Does anyone have a remote idea of what could be causing this? I was thinking ich is infested in his gills but i thought i would either see the ich on his skin or the other tangs would be displaying similar symptoms. Another thought is it could possibly be HLLE but could that cause the 'freaking out'? My first thought would have been HLLE if i didn't witness him ramming his face into the glass wall and top.

The lieutenant has been through hypo twice and the same with prazipro. I added him in with the scopas, who wasn't QTed, so im redoing the hypo and prazi. Shouldn't the scopas be the one that is freaking out cause he hasn't been QTed??

I'm confused and freaking out since i don't want to lose him, any help is appreciated!
 
Temperature? Likely has ich in his gills. Those three tangs in a 75 or 125 is not good judgement. So what is going to convince you that QT is a good idea?
 
Could be ammonia poisoning. Check your levels, then check Nitrites. If you have nitrites you had ammonia and damage could already be done. Get the water quality checked. Also, get the SG up. These guys can only go so long in hypo. It damages kidneys in long term. If you want to maintain hypo, do it at 1.015. Add some methelene blue. 2 drops per gallon. Very safe and may help with O2.

However, do the SG raise over days. .002 per day.
 
Could be ammonia poisoning. Check your levels, then check Nitrites. If you have nitrites you had ammonia and damage could already be done. Get the water quality checked. Also, get the SG up. These guys can only go so long in hypo. It damages kidneys in long term. If you want to maintain hypo, do it at 1.015. Add some methelene blue. 2 drops per gallon. Very safe and may help with O2.

However, do the SG raise over days. .002 per day.

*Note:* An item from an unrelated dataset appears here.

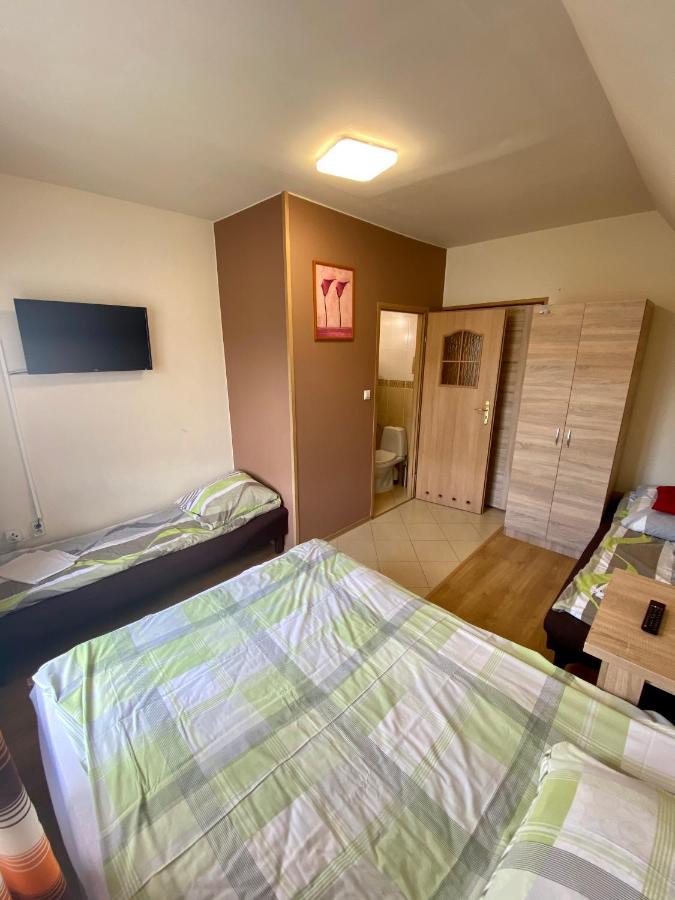 Osrodek Wczasowo-Kolonijny Gron Bed & Breakfast Bialy Dunajec Luaran gambar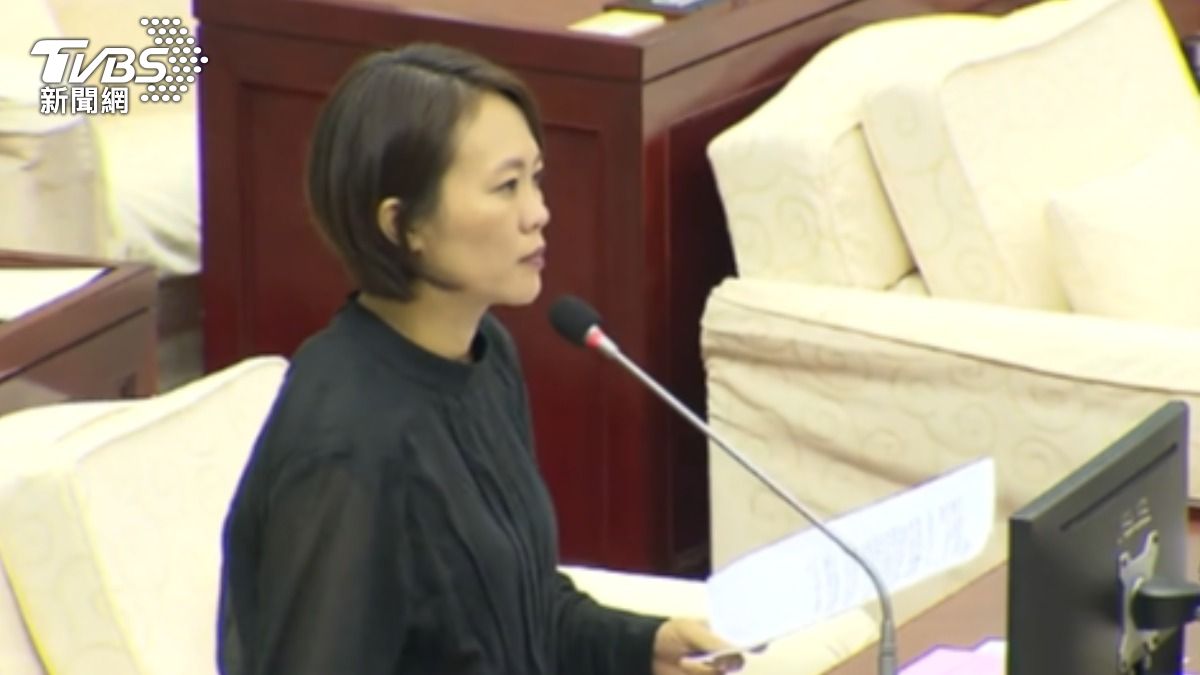 獨家/痛罵總統「三親等禁令」 簡舒培:超級蠢(圖/TVBS)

This was his display tank. Unless he killed a lot of stuff and forced a cycle, ammonia is unlikely, although it never hurts to check. Hypo at 1.015 has no effect on cryptocaryon irritans. Best way to increase dissolved oxygen is to the lower the temperature.
 
From Wikipedia:

Scientific Designation:

A tri-cyclic compound: 3,7-bis(dimethlamino)-phenazathionium chloride


Common Names:

Methylene Blue, Methylthionate Chloride, Urolene Blue. A stock solution (3.7 mg/ml.) can be made by dissolving 1.4 grams of powder in 380 ml.s of water. In actual practice, most folks simply buy stock solutions.

Uses/Symptoms:

Most promisingly as a preventative... against fungal and bacterial action on freshwater fish eggs. Though sometimes suggested as a treatment for ich, velvet, Cryptocaryon, Amyloodinium, other protozoa, monogenetic trematodes... there are far more useful medicines for actual treatment of these pathogens.

Dosages/Regimens:

Toxic to aquarium plant life, as well as nitrifying bacteria... Methylene Blue should not be used for prolonged exposure, or in permanent (main, display) systems... as it can/will kill off necessary beneficial bacteria.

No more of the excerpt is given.